¶ … Hollow Men
According to C.K Stead, "Hollow Men" was the result of several attempts made by T.S. Eliot to combine different sections, each of which were initially published in different magazines. There is thus little or no uniformity between the various sections and there may not be a similar theme running through all of them. This lack of uniformity, Stead suggests, emphasizes "how inappropriate any analysis is which treats it as an intellectual scheme'. 20 There are images that may help us connect one section to another, still to look for a uniform symbolic terrain may prove to be an exercise in futility.
This haunting poem has interesting epigraphs which suggest that these sections deal with soulless men. For example ' Mistah Kurtz, he dead' instantly connects the poem with Joseph Conrad's Heart of Darkness where Kurtz represented everything that this poem wants to deal with such as rejection of good, failure of soul, guilt and despair etc. The opening section of the poem has rhythm that creates a tone of self-pity and connects it with Church images:
Shape without form, shade without colour,
Paralvsed force, gesture without motion
We get the feeling that this poem is an extension of T.S Eliot's The Waste Land. Here shape without form suggests bad art and shade without color indicates the darkness that resides within. The longer lines add more energy to the sections. They evoke failure of the spirit through speed and intense imagery. In the second section, we see the fear of meeting 'eyes'- eyes that the protagonist dare not meet. 'The eyes which I dare not meet in dreams do not appear in death's dream kingdom'. These eyes are the eyes of the soul- of conscience. These eyes the hollow men cannot meet for they remind him of the good that he has rejected and the truth that he abandoned. Death would here mean, release from the piercing gaze of these eyes.

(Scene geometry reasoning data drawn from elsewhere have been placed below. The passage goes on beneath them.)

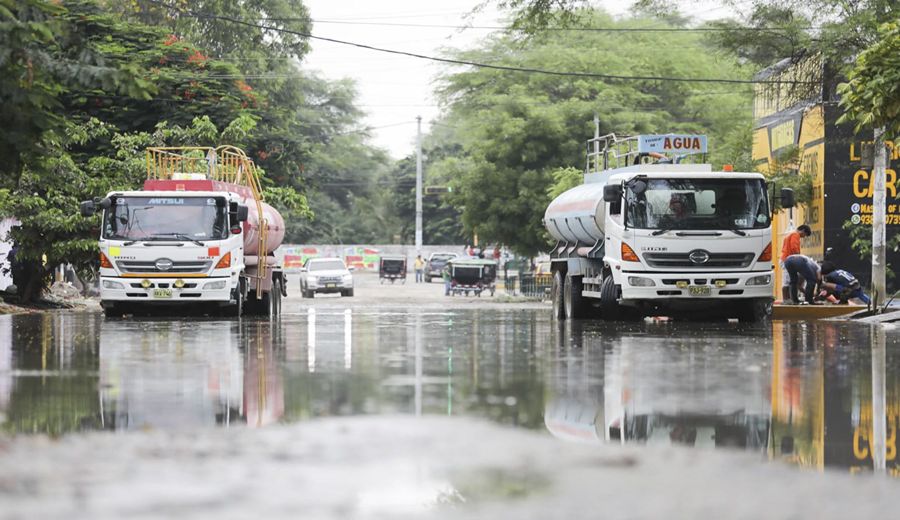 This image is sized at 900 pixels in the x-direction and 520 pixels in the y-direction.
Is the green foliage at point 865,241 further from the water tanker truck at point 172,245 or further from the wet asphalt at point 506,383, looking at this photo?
the water tanker truck at point 172,245

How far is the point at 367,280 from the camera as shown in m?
87.9

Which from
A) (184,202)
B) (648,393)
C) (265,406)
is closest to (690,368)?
(648,393)

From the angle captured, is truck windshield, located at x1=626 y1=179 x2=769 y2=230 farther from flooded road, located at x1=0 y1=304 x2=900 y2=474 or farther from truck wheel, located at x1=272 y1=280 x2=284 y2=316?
truck wheel, located at x1=272 y1=280 x2=284 y2=316

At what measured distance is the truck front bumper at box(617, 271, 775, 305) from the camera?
82.1 ft

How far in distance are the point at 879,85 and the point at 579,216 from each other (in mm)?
8608

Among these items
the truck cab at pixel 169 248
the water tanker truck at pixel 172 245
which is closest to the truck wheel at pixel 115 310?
the water tanker truck at pixel 172 245

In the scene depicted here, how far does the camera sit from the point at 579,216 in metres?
28.6

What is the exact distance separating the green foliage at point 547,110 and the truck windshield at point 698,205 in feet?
89.9

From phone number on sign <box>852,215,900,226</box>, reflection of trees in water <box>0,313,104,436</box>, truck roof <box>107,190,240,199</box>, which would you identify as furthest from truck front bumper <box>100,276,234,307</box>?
phone number on sign <box>852,215,900,226</box>

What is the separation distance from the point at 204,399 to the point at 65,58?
284 inches

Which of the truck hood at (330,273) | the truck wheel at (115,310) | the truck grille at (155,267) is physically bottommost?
the truck wheel at (115,310)

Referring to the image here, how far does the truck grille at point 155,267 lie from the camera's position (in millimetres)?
28094

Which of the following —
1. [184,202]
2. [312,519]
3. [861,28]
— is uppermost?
[861,28]

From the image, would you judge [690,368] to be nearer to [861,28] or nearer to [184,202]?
[184,202] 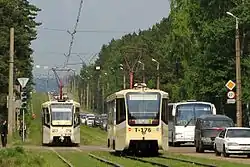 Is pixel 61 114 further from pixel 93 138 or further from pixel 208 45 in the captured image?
pixel 208 45

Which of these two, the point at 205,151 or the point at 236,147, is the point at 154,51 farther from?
the point at 236,147

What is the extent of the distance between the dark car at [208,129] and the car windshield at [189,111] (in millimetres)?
9464

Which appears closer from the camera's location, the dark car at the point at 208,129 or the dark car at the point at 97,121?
the dark car at the point at 208,129

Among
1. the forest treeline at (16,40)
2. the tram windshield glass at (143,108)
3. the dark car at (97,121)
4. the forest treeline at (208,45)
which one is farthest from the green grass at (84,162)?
the dark car at (97,121)

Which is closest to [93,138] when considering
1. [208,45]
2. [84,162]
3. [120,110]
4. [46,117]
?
[208,45]

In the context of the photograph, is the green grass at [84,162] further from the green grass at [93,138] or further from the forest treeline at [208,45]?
the forest treeline at [208,45]

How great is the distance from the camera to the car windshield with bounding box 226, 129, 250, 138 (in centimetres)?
3597

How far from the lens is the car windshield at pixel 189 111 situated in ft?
173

As we sort out the syntax, we see how the poet has stressed the central feeling of fear in the section. 'Let me be no nearer...' suggests an intense fear of meeting the conscience in the twilight zone. 'Eyes' here represent the other person- someone the hollow man fears. The third section is far more explicit in meaning and develops a close connection with The Waste Land. We see the stone images raised again to indicate soulless worshipping. It is used to highlight the impurity and insincerity of worshippers:
At the hour when we are Trembling with tenderness
Lips that would kiss
Form prayers to broken stone.
The fourth section is actually that twilight zone that hollow men dreaded. The fear of meeting the eyes had already been overcome. It is their absence which is disturbing now:
As the perpetual star
Multifoliate rose
Of death's twilight kingdom
The absence of eyes in the 'twilight kingdom' suggests that this part if yet another version of the world. Here reappearance of eyes would mean rekindling of spirit and rebirth of soul and conscience. The return of eyes is now a hope- 'the hope only'. The syntax is deliberately ambiguous- 'This broken jaw of our lost kingdoms' evokes a powerful and mysterious image of things in the twilight kingdom. The last section deals with another kind of fear and frustration. Here the 'shadow' represents the life in limbo, when the world comes to a standstill. It represents that place between idea and fruition, between thought and materialization, between hope and creation. That's when life appears to be in limo as if it has come to a standstill but that is not actually so. This is the period when things are taking shape subtly however since nothing is apparent, it is a dreadful period.